Il défend une musique voyageuse, métissée. Pour son nouveau projet ,“Frigya”, le percussionniste franco-tunisien s’est entouré de son compatriote Khalil Hentati, compositeur, du français Michel Marre, trompettiste de jazz, et de la chanteuse burkinabè Kandy Guira.
D’où vient votre désir de mêler votre univers, très imprégné par les musiques traditionnelles tunisiennes, à d’autres sonorités ?
Safar et Salhi, mes premiers albums (sortis en 2014 et en janvier 2018, ndlr), sont le fruit de nombreuses rencontres. Avec le groupe de rock oriental les Boukakes, d’abord, lorsque je suis arrivé en France en 2001 pour poursuivre des études de traduction. Je les ai rejoints, et j’ai entamé avec eux des tournées mondiales. Mes voyages m’ont mené à d’autres collaborations, du Maroc jusqu’en Inde. Rachid Taha, Emel Mathlouthi, Moneim Adwan, Ghalia Benali, Slow Joe, Michel Marre… Accompagner ces artistes m’a nourri, et m’a donné envie de créer une synthèse de toutes mes influences. Ma musique est celle d’un globe-trotteur.
C’est là que vous commencez à développer une recherche sur les rythmes du Maghreb et du Moyen-Orient ?
Dans Safar, j’ai travaillé sur un horizon culturel très large. Né d’une collaboration avec le compositeur et arrangeur Stéphane Puech et avec le violoniste Zied Zouari, ce projet mêle artistes tunisiens, français, brésiliens et irakiens. Ensuite, en effet, j’ai entamé une recherche sur les rythmes. Ayant constaté la récurrence de certains d’entre eux du Moyen-Orient jusqu’en Inde, j’ai compris à quel point l’universalité de la musique doit aux peuples du voyage.

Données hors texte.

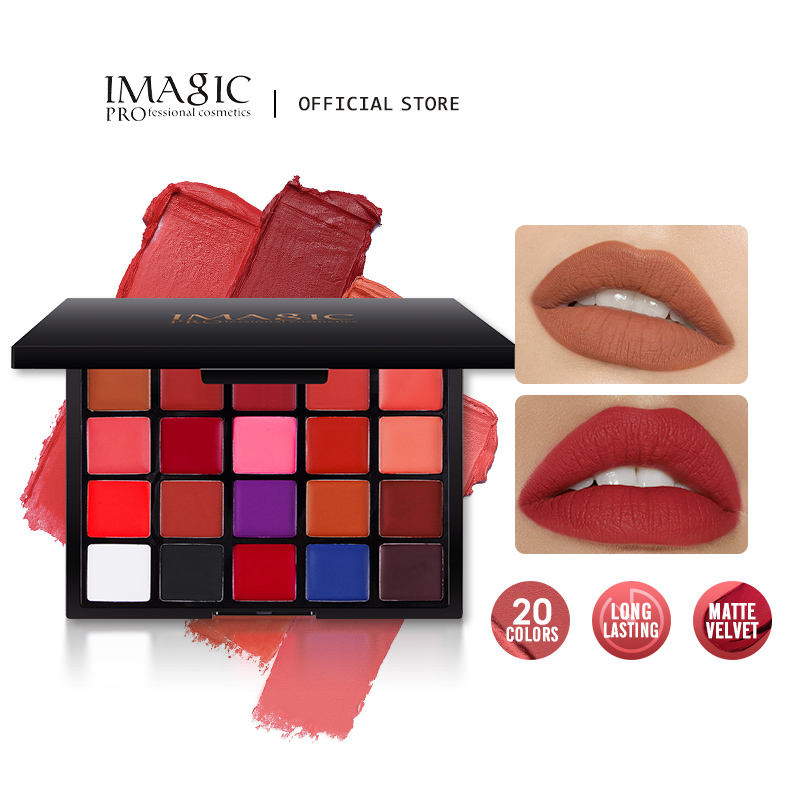 IMAGIC 20 Colors Lipstick Pale - Beauty Makeup Images 리뷰 및 가격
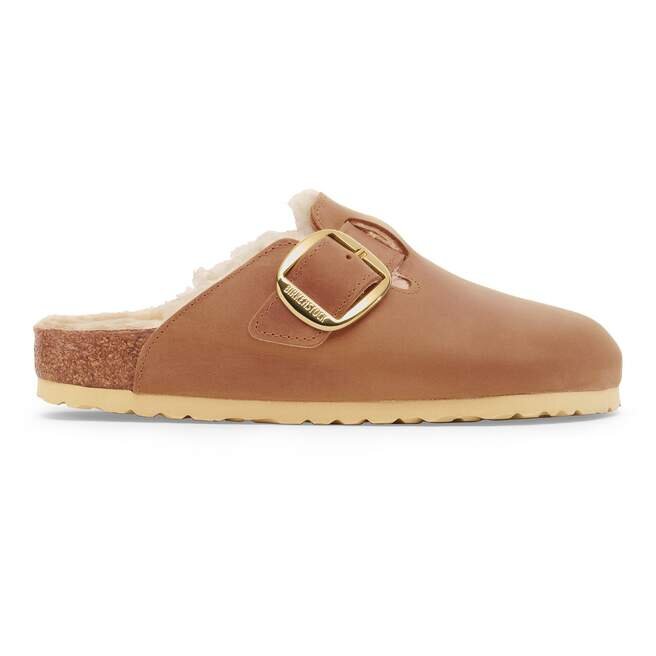 Boston Big Buckle Shearling Naturlig oljet skinn Boston Big Buckle Shearling Naturlig oljet skinn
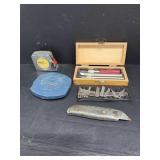 New Tape Measures, Exacto Knife & Knife Set X5082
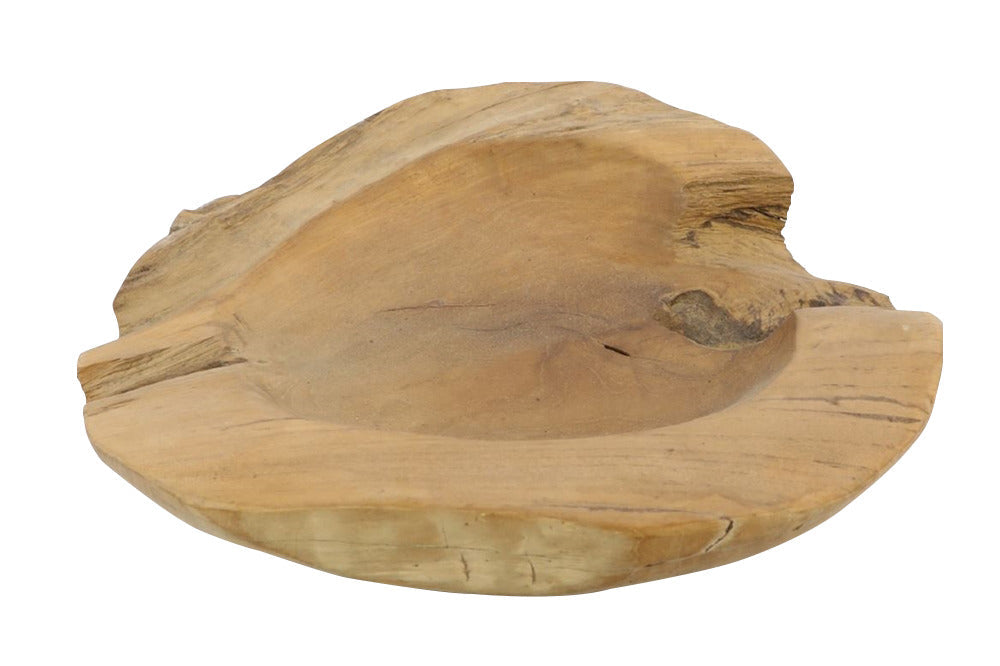 bowl teak erosi h8d40 natural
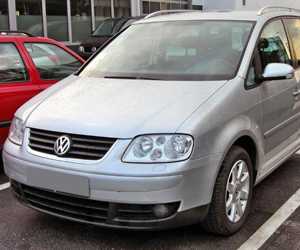 Reconditioned VW Touran Engine
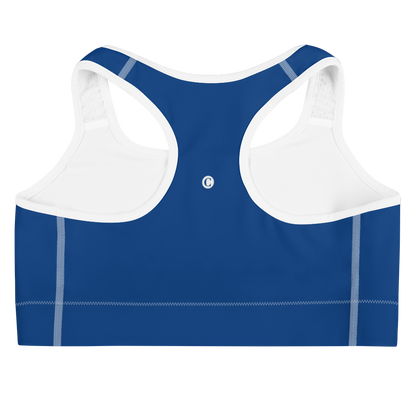 Michigan Upper Peninsula Sports Bra (w/ UP Outline) | Dearborn Blue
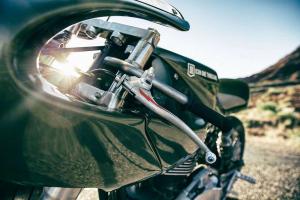 2014 Triumph Thruxton Three Martini Lunch by ICON 1000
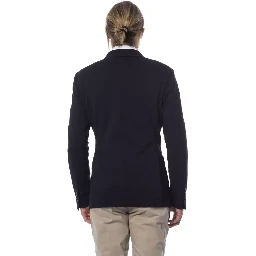 Blue Viscose Suits & Blazer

Et j’ai décidé de revenir à un patrimoine musical bédouin qu’on appelle le salhi, et d’y apporter un langage nouveau.
Le salhi est-il encore vivant en Tunisie ?
Né dans le sud de la Tunisie parmi des personnes marginalisées qui exprimaient leurs souffrances à travers lui, le salhi tombe hélas dans l’oubli aujourd’hui. En partie à cause du pouvoir politique, qui depuis Habib Bourguiba l’a marginalisé au profit de la musique arabo-andalouse et ottomane. Sans parler de la variété, qui est un véritable fléau pour la scène musicale actuelle. Les voix féminines du genre, surtout, sont en voie de disparition.

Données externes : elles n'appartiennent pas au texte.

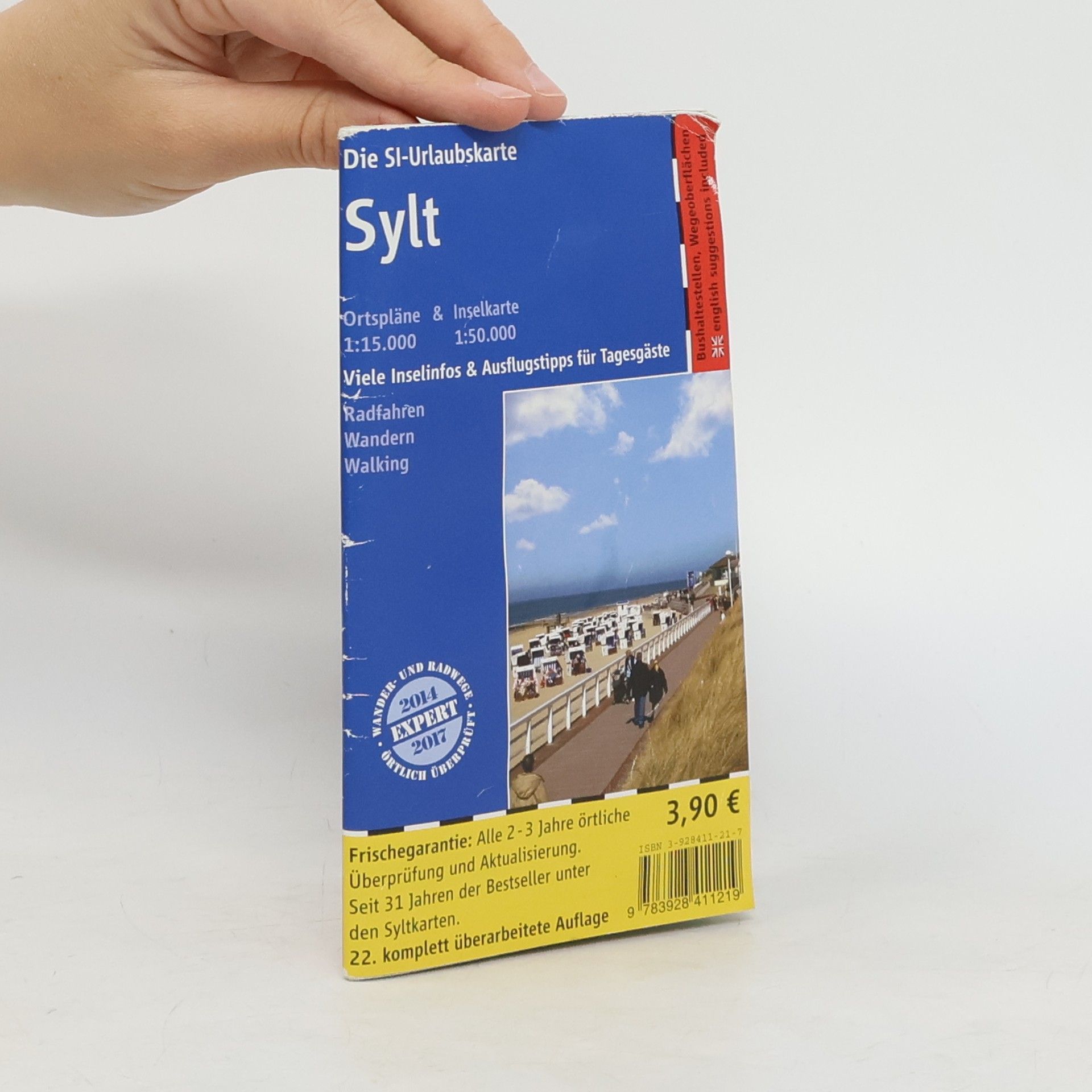 Auteurscollectief Die SI-Urlaubskarte Sylt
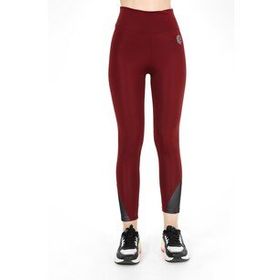 Sportonex SO21S001 Bordo Essential 7/8 Tights Kadın Tayt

Dans votre nouveau projet, “Frigya”, vous vous rapprochez également de l’Afrique noire, en collaborant avec la chanteuse burkinabè Kandy Guira. Pourquoi ?
Il faut se souvenir d’où l’on vient. Cela ne peut que nourrir la musique tunisienne, qui peine aujourd’hui à se développer. Il faut aussi être solidaire. L’ensemble du continent africain connaît les mêmes difficultés que la Tunisie en matière de développement artistique. Pourquoi rester chacun dans son coin ?

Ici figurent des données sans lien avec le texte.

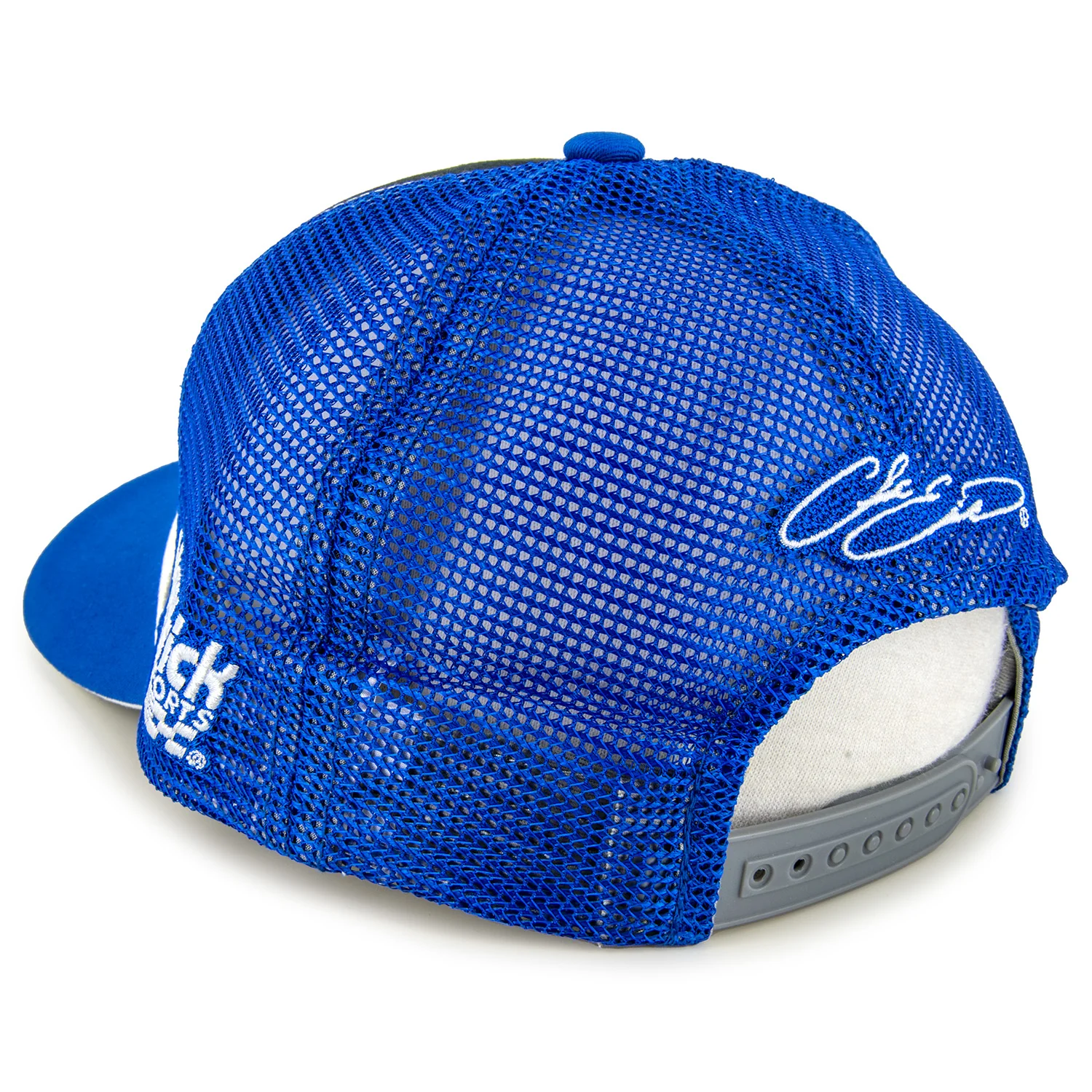 Chase Elliott NAPA Element Sponsor Mesh Hat Blue/Black - Image 4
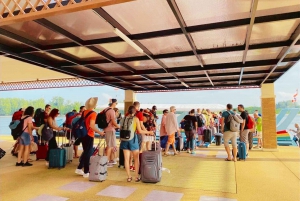 Koh Lanta: prom z Koh Lanta na Phuket (przez Ko PhiPhi)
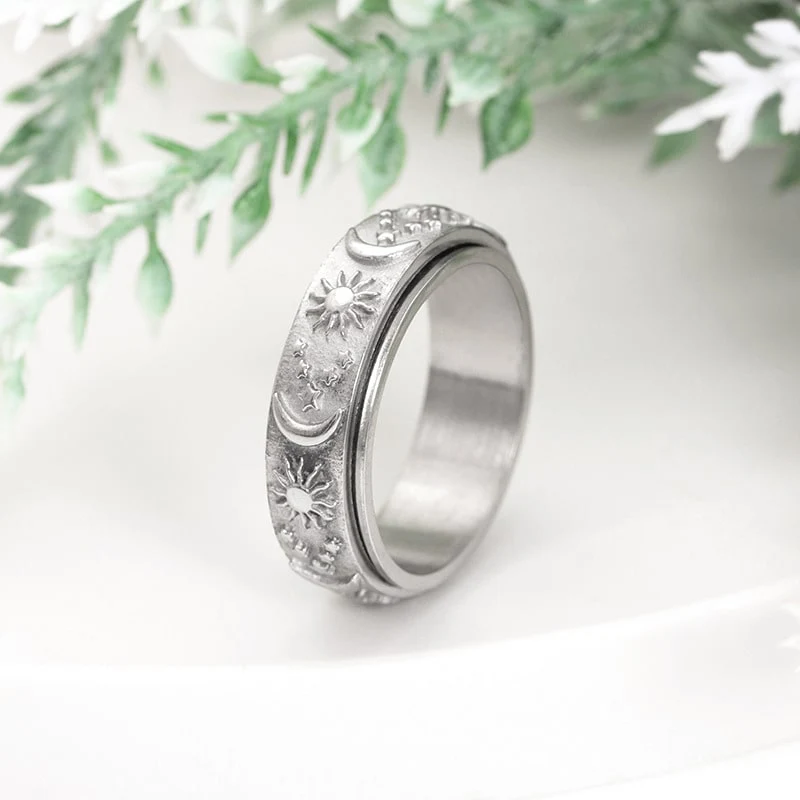 Bague tournante anti-stress Circadien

Vous avez monté ce projet en France, avec le +SILO+, centre de création coopératif dédié aux musiques du monde et traditionnelles en Occitanie. Aurait-il été possible, selon vous, de le faire en Tunisie ?
C’est très compliqué ! Si la révolution a libéré la parole, la très forte centralisation de la culture a tendance à restreindre la créativité des artistes. Regardez la nouvelle Cité de la culture à Tunis, imaginée par Ben Ali, abandonnée avec la révolution et finalement inaugurée en mars dernier… Des sommes colossales sont dépensées au profit d’un nombre restreint d’artistes, laissant les autres dans le dénuement. Mais je ne perds pas espoir : en matière artistique, la société civile est d’un grand dynamisme.
Imed Alibi sera en concert le 20 juillet au festival Détours du monde à Chanac (Lozère), le 21 au Festival de Thau (Hérault) et le 22 au festival Résurgence à Lodève (Hérault).